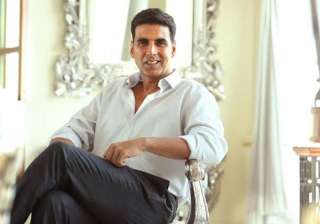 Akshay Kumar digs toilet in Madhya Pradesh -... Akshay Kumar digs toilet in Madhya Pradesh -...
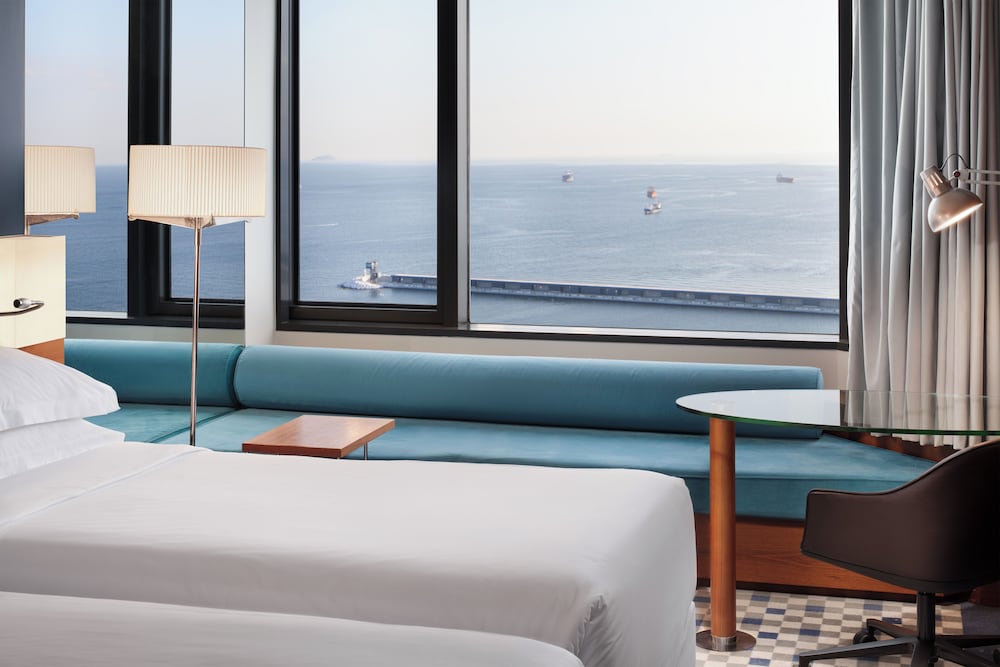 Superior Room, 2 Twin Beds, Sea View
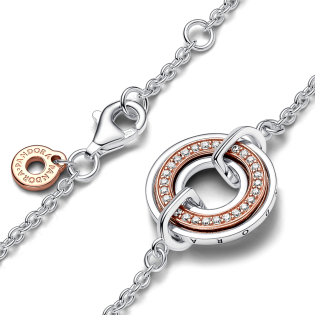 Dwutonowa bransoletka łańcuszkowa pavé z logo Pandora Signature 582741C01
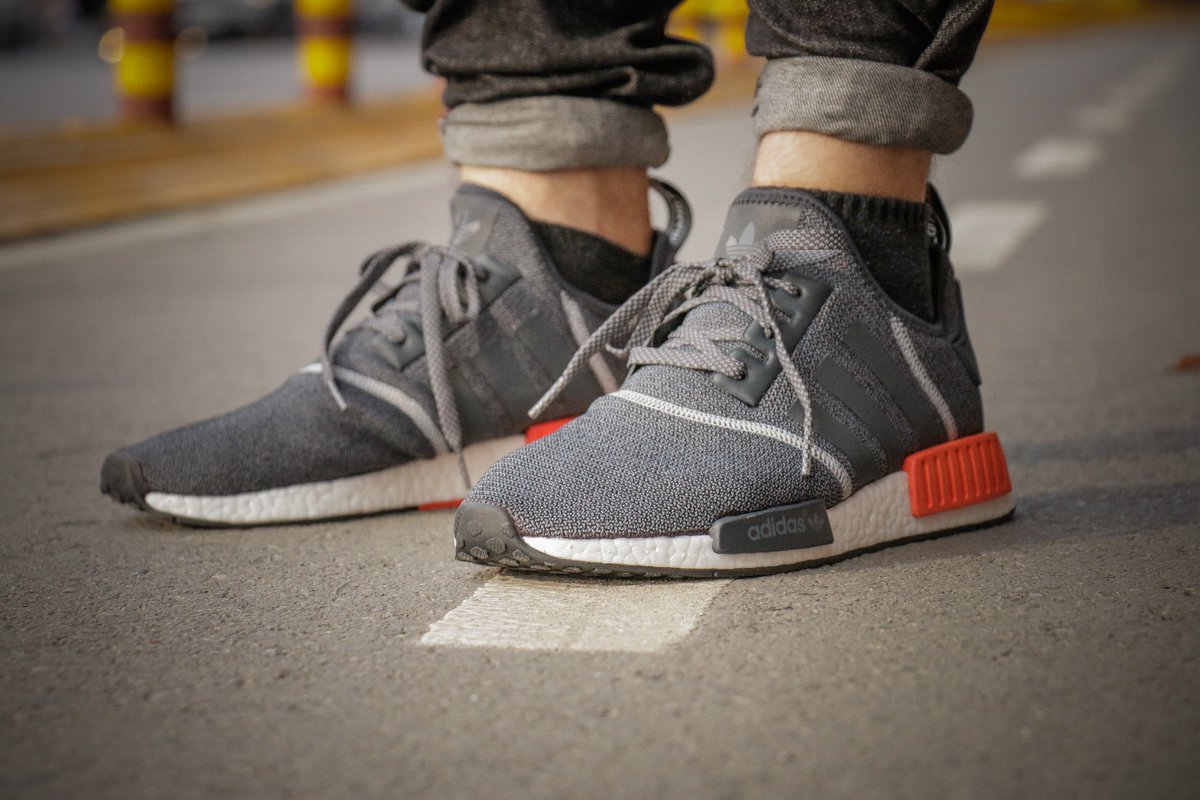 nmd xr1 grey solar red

★ ★ ★ ★

**Work to be completed**.
Set the listing down verbatim, excluding pictures.

**Your response**.
 Akshay Kumar digs toilet in Madhya Pradesh -... Akshay Kumar digs toilet in Madhya Pradesh -...
 Superior Room, 2 Twin Beds, Sea View
 Dwutonowa bransoletka łańcuszkowa pavé z logo Pandora Signature 582741C01
 nmd xr1 grey solar red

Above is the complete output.